Он отирает рукавом суховатую землю. Бормочет: «Любы мэня, нэ покинь». Засовывает в карман. Потом дотошливо рассматривает каждого перепела: бит срамно или нет. Взвешивает рукой самого тучного, перещелкивает языком и принимается привычно ощипывать. Пух липнет к рукам, цепляется за траву. Дед отдувает его от лица. Поражает его лицо — без морщин, и брови не старчески кустистые или клочковатые, а тонкие, черные.
Дед Иван похож на моего деда Данилу — своего дядю. Я сужу лишь по фотографии, там деду Даниле за пятьдесят. После гибели дочерей и сына мой дед счах в несколько лет.

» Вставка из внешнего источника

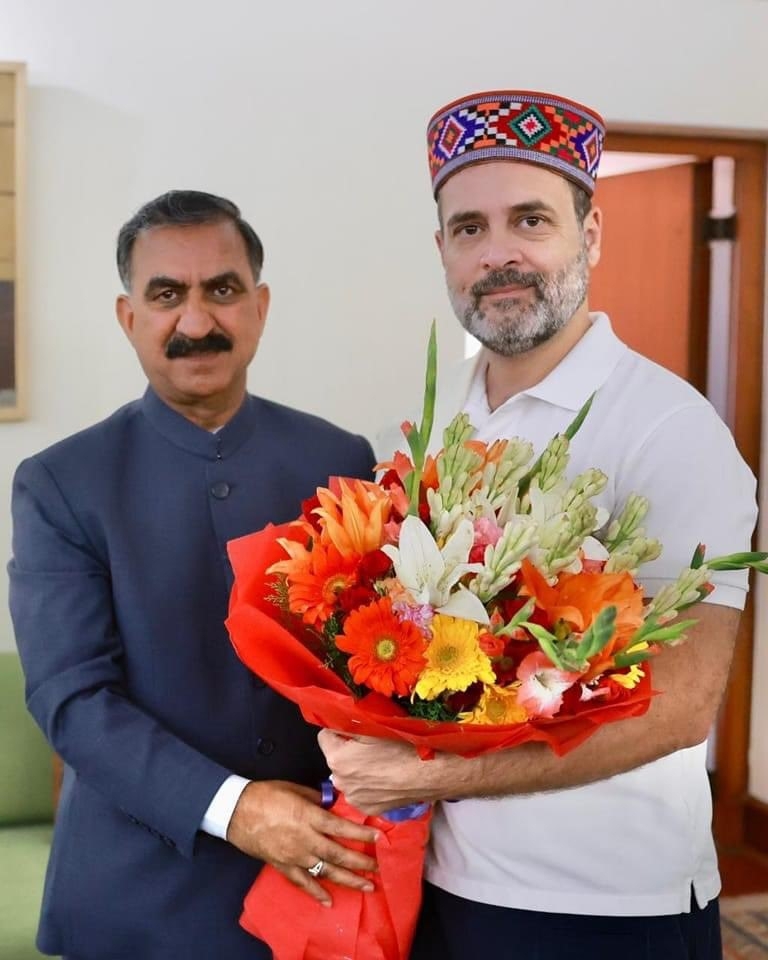 नई दिल्ली में शुक्रवार 4 अगस्त 2023 को कांग्रेस नेता राहुल गांधी से मुलाकात करते हिमाचल प्रदेश के मुख्यमंत्री सुखविंदर सिंह सुक्खू। हिन्दुस्थान समाचार/ फोटो गणेश बिष्ट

На той фотографии 1905-го года у деда Данилы бородка и усы под последнего царя; подбородок вздернут; взгляд быстрый, шальной; кубанка заломлена на затылок и во всей позе готовность сорваться. Дед Данила на фотографии сидит рядышком с моим прадедом Никитой Остаповичем — отчество его никто не помнит, кроме моей мамы. Прадед бел бородой, еще смольной по впадинам щек. В плечах и осанке — надорванность от лет. А газыри на черкеске покрупней, чем у зятя — деда Данилы. И нет на поясе кинжала в серебряной чеканке ножен. В руке прадеда прут. Кисти сильные, не старческие. Над газырями — кресты и медали за турецкую кампанию 1877–1878 годов.
4
Сколько стоят эти нотные тетради? (Фр.).